▶ _WHAT TO DO_:
Your answer should be the full data, transcribed exactly, with no pictures in it.

▶ _STORED DATA_:
§
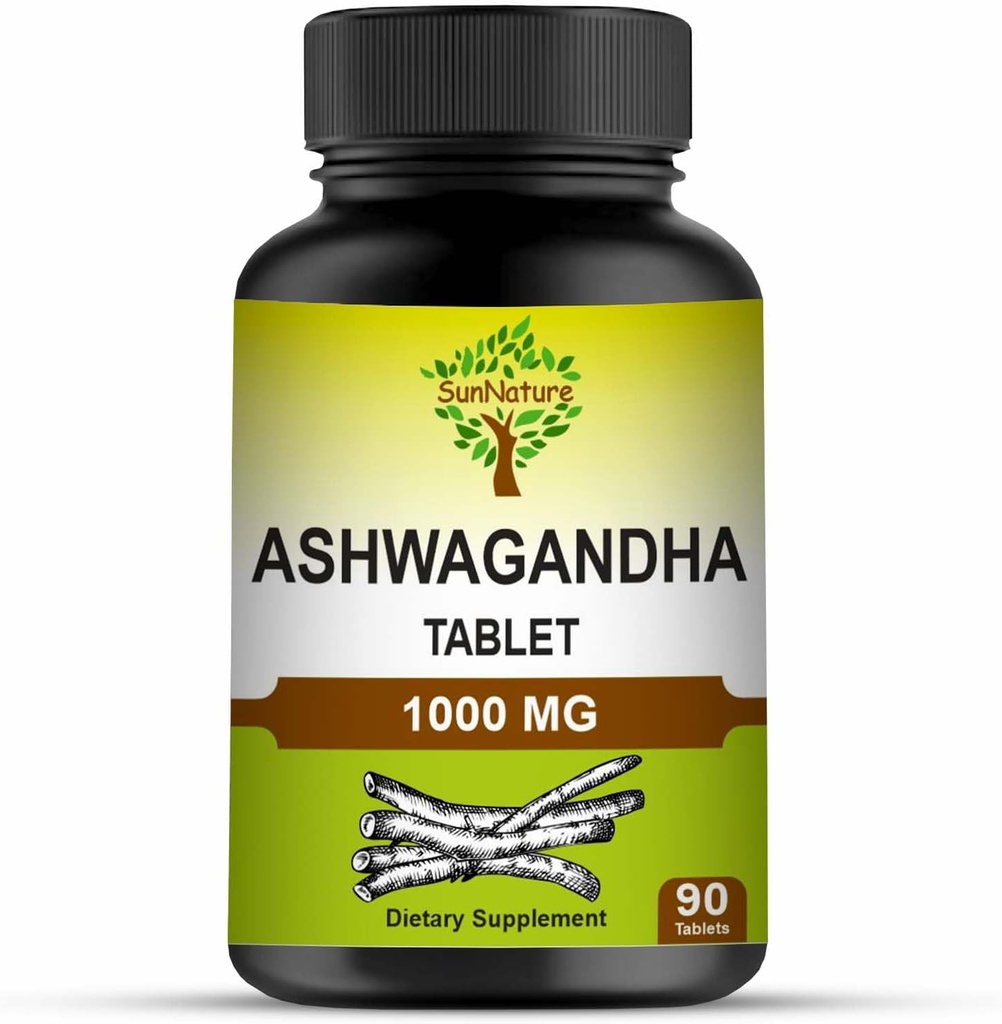 Ashwagandha tabletter, 1000 mg | 100% naturlig askwagandha og withanolide | stress relief reduserer sinn og kroppen forbedrer styrke og energi for menn og kvinner 90 tabletter, 45 dagers levering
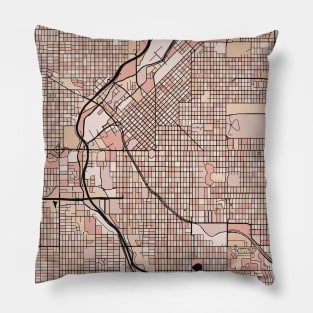 Denver Map Pattern in Soft Pink Pastels Pillow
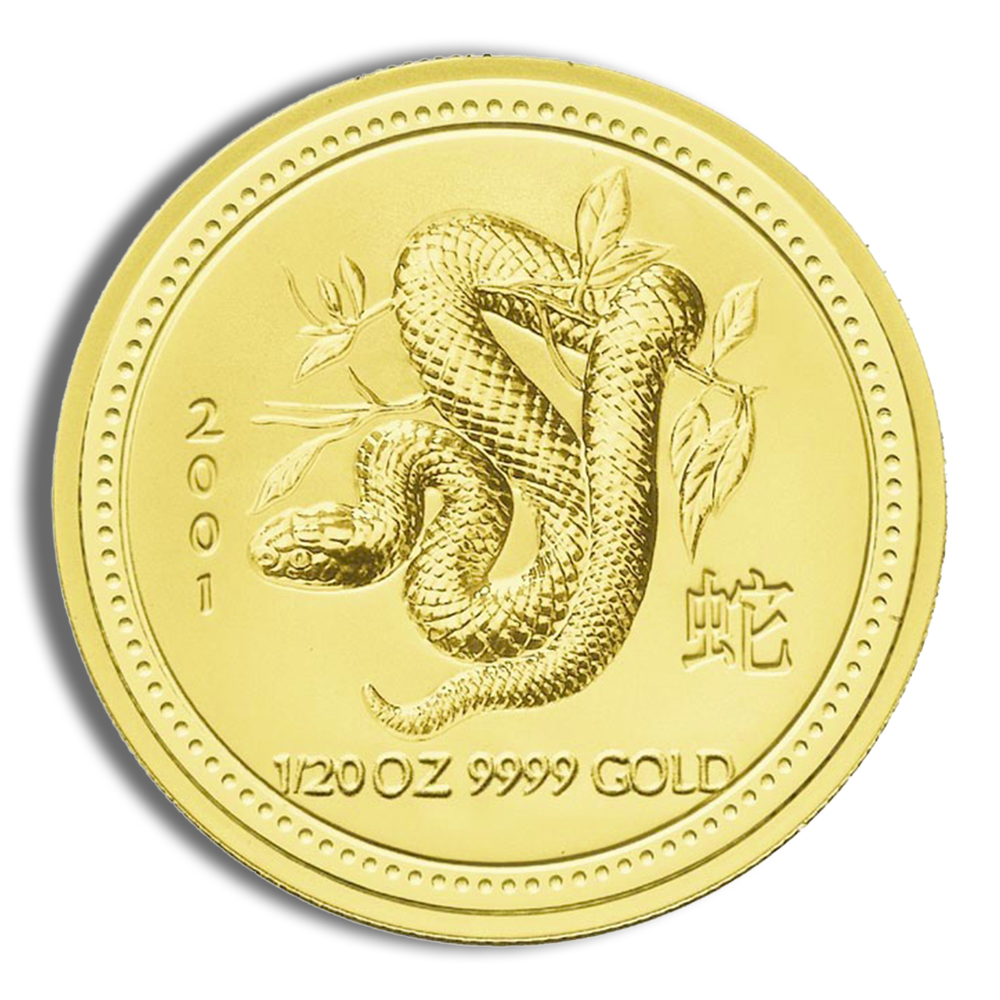 2001 1/20 oz Australia Gold Lunar Snake BU - Series I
§
▶ _TASK RESULT_:
 Ashwagandha tabletter, 1000 mg | 100% naturlig askwagandha og withanolide | stress relief reduserer sinn og kroppen forbedrer styrke og energi for menn og kvinner 90 tabletter, 45 dagers levering
 Denver Map Pattern in Soft Pink Pastels Pillow
 2001 1/20 oz Australia Gold Lunar Snake BU - Series I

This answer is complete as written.